Hakama a aspekt praktyczny.

Pradawna Japonia, jej historia, kultura i sztuka.

Moderator: Zarząd

Awatar użytkownika
Tomashi
Posty: 323
Rejestracja: 14 stycznia 2009
Lokalizacja: Kraków

Hakama a aspekt praktyczny.

Post autor: Tomashi »

Każdy praktyk kendo, kenjutsu, iaido zna ten ból. 4 paski, pokomplikowane węzły, węzełki a do tego długaśne Obi. Rzecz tradycyjna, ladna, luźna, bawelniane sa jeszcze pewnie ciepłe, ale jak się to ma do praktyki dnia codzinnego? Meżczyzna musi co pare godzin oddać mocz, od czasu do czasu coś wiekszego zrobić, a tymczasem raz za razem trzeba się z cholerna hakamą męczyc. Współczuje samurajom którzy dostali zatrucia pokarmowego w trakcie wyprawy wojennej. w skrócie mówiąc, ciężko mi uwierzyć żeby tak praktyczny naród jak japończycy, który wymyślił dwadzieścia sposobow skracania drogi miecza w walce, zmuszał siebie do chodzenia w czymś tak niepraktycznym. chyba że hakama była zakladana wyłącznie podczas jazdy konnej, a normalnie w jakichś portkach biegali. jak to z nimi było?
basil
Posty: 198
Rejestracja: 22 kwietnia 2008
Lokalizacja: Łańcut (okolice)

Re: Hakama a aspekt praktyczny.

Post autor: basil »

W hakamach z Edo często można zobaczyć że boczne rozcięcia są na prawdę niskie (czasem nawet poniżej kolan), co więcej nogawki są bardzo szerokie, więc podwinięcie na serio nie sprawia problemu (testowane :P ) Insze gacie - momohiki też noszono, ale ich konstrukcja też była dość upierdliwa, zważając na to, że je ubierało się pod kimono.
"Bycie Basilem zobowiązuje"
Shouryu

Re: Hakama a aspekt praktyczny.

Post autor: Shouryu »

Ależ hakam jest niezwykle praktyczna!
Jej szerokość i nisko osadzony krok sprawia ze jest niezwykle mobilna. Pozwala na stosowanie technik nożnych. Ale może ważniejsze jest to że świetnie spisuje sie w szermierce.
Np w Katori jest pozycja sha no kamae
Obrazek
szeroka, i nisko osadzona na nogach.

w wąskich spodniach jest problem z jej wykonywaniem .

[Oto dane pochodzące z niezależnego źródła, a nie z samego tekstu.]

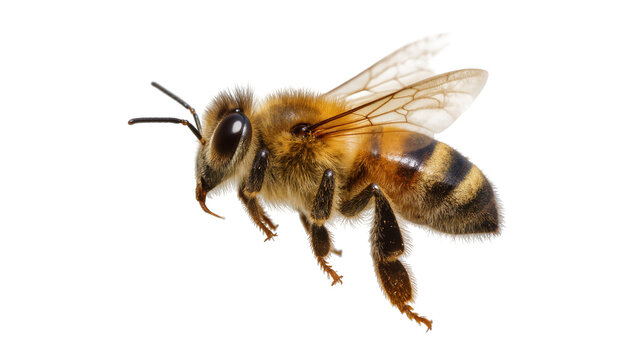 Fuzzy honey bee with striped abdomen, isolated on transparent background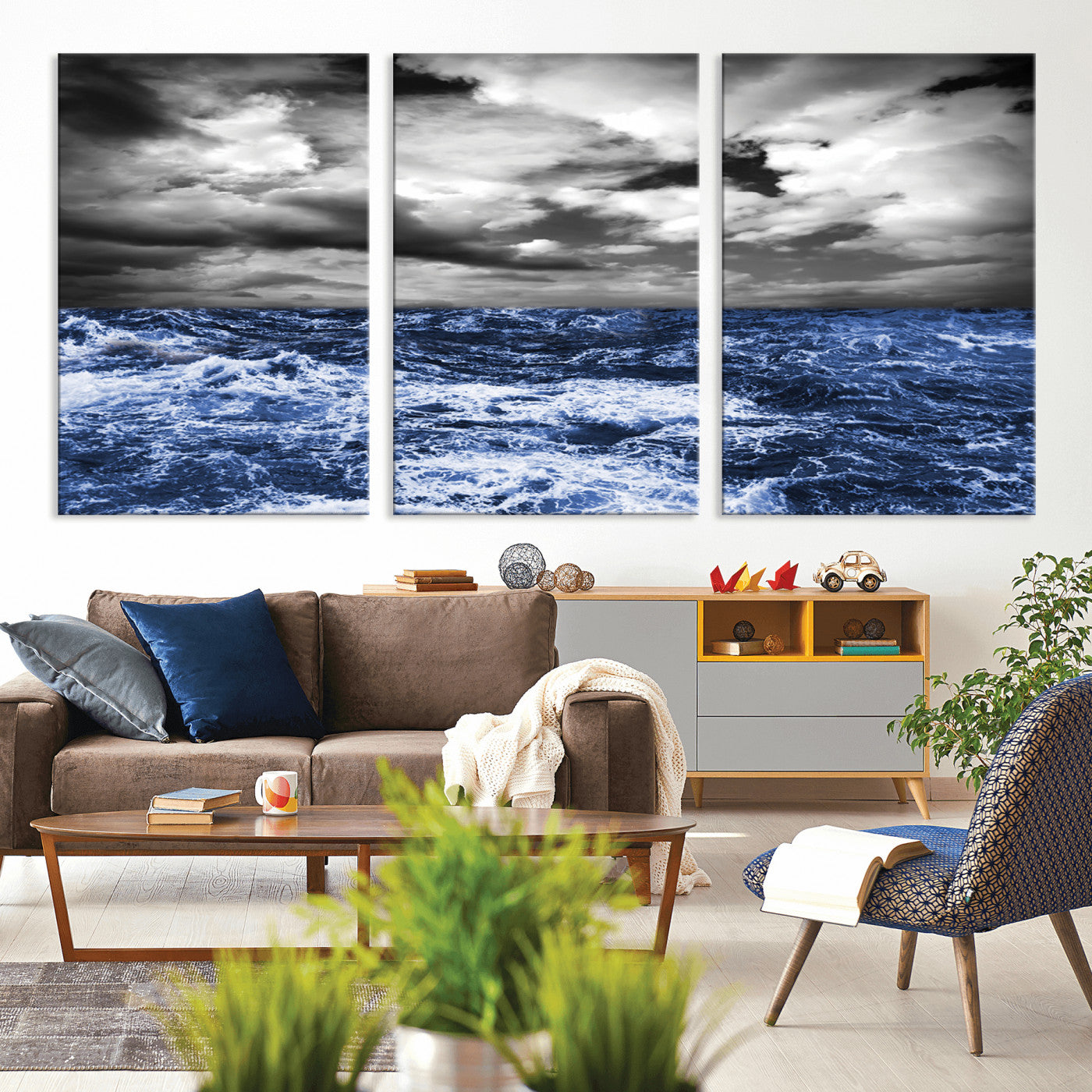 91043-MGV-CV-36X24-Stormy Ocean Wall Art Canvas Print, Framed Moody Seascape Art Picture Print, Monochrome Sea Perfect Coastal Drama Decor Artwork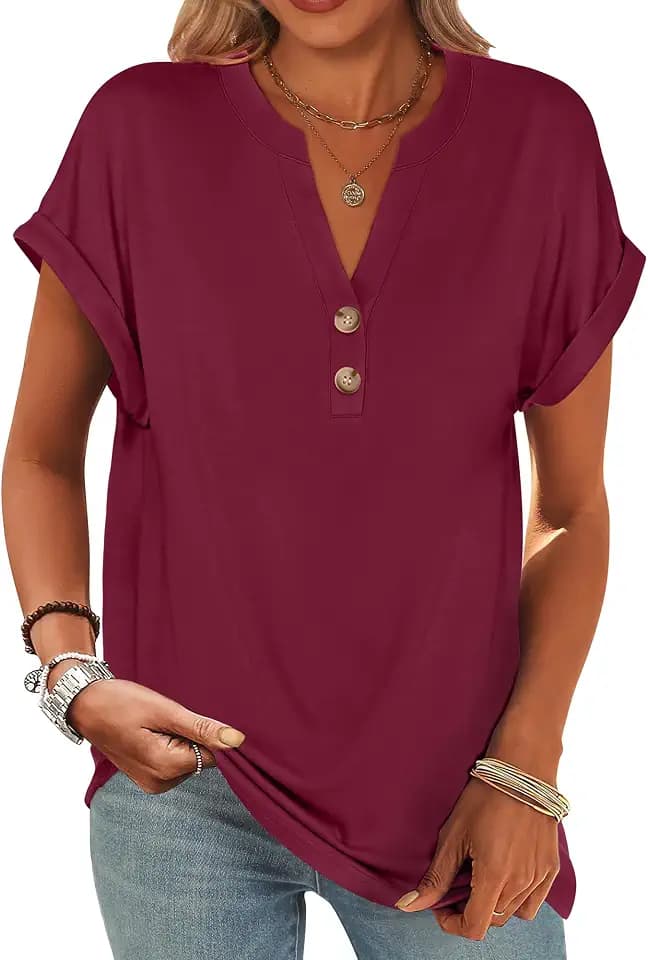 ANRABESS Womens Short Sleeve Henley Tops Summer Shirts Dressy Casual Blouse
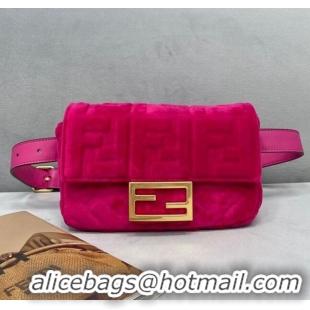 Modern Brand Fendi Baguette Velvet Belt Bag Fuchsia FD0403 Pink 2021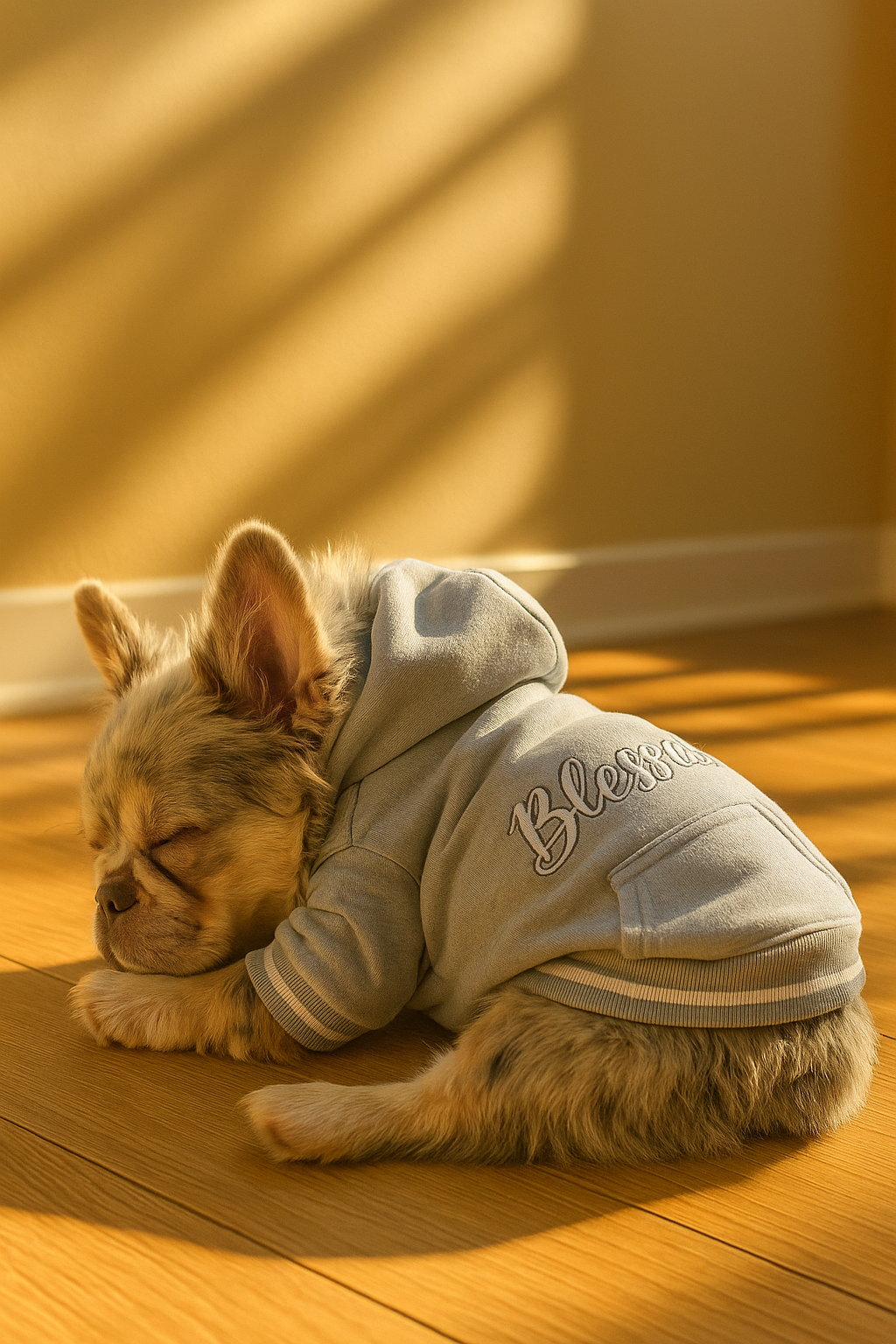 Parisian Pet Blessed Hoodie in Gray - Trendy Pet Hoodie for Dogs & Cats, Perfect for Fall & Winter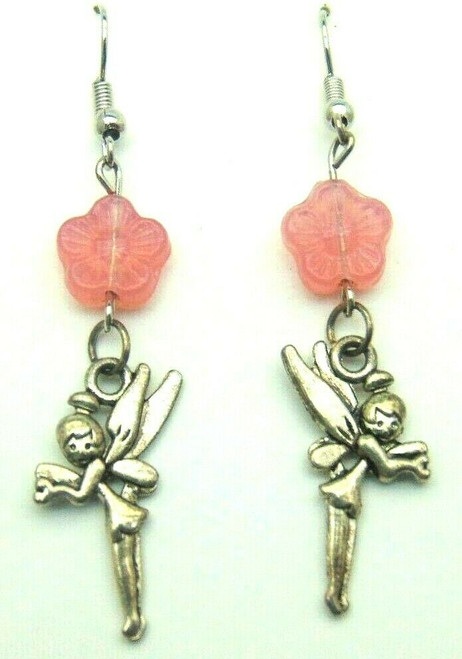 Fairy Tinkerbell Angel Earrings Pierced Silver DazzleCity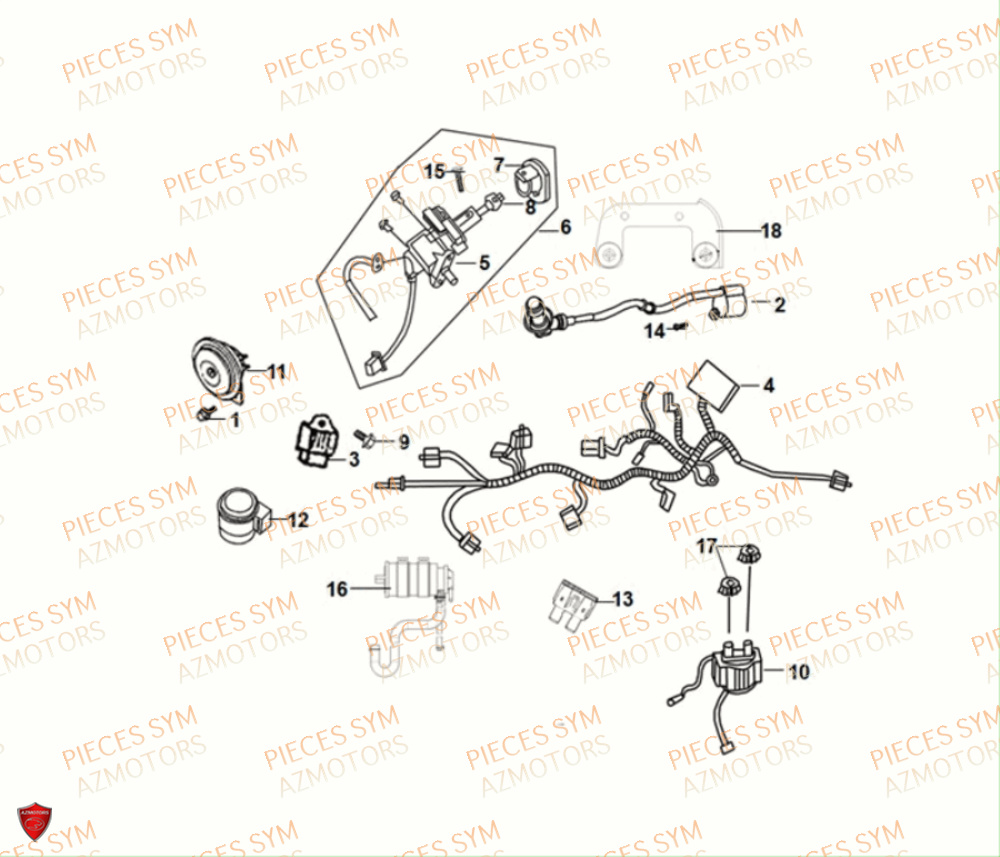 Equipement Electrique SYM Pièces FIDDLE II 50 E5 - AF05W5-EU (2021)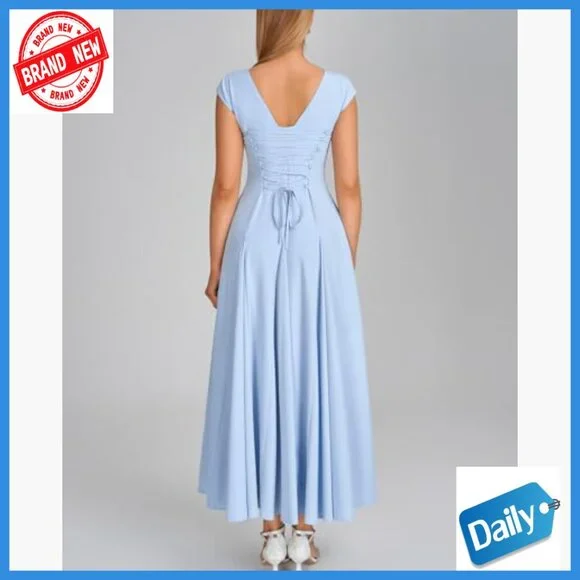 Women's Corset Maxi Dress Cap Sleeve Square Neck Lace Up Formal Midi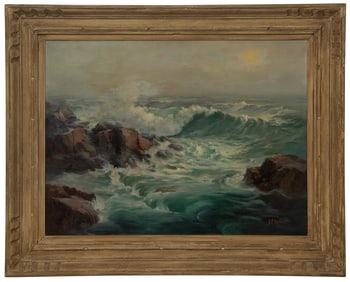 Albert Stuhlmueller Oil on Canvas Coastal Scene
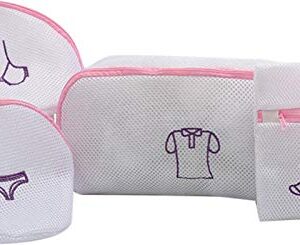 ChezMax Thicken Mesh Laundry Bags Durable Honeycomb Clothing Washing Bag Set Delicate Embroidery Laundry Bags For Laundry Blouse Bra Hosiery Stocking Underwear Lingerie 4Pcs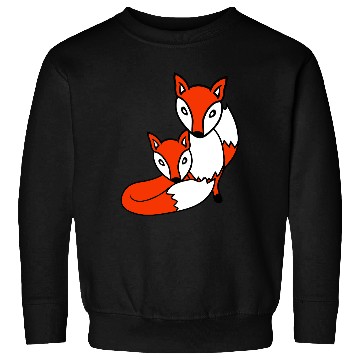 Discover 2 Foxes Friends Red Fox Two Wild Animals Team Crew Sweatshirts
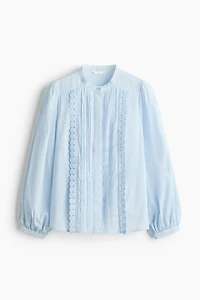 Pintucked Cotton Blouse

Fakt, z wiązaniem pasków moze być problem. są dość oryginalnym rozwiązaniem. Ale jak sie do tego przyzwyczaić, to wcale nie jest to takie złe.

Jeśli chodzi o utrzymanie ciepła. Testowałę w trudnych warunkach pogodowych i jestem zadowolony. Ilośc materiału i jego fałdowanie sprawia ze hakama jest całkiem ciepła. Sam sie zdziwiłem.

Zalet jest jeszcze więcej ( np.usztywnienie na plecach) ale jestem zmęczony i nie che mi się już wymieniać .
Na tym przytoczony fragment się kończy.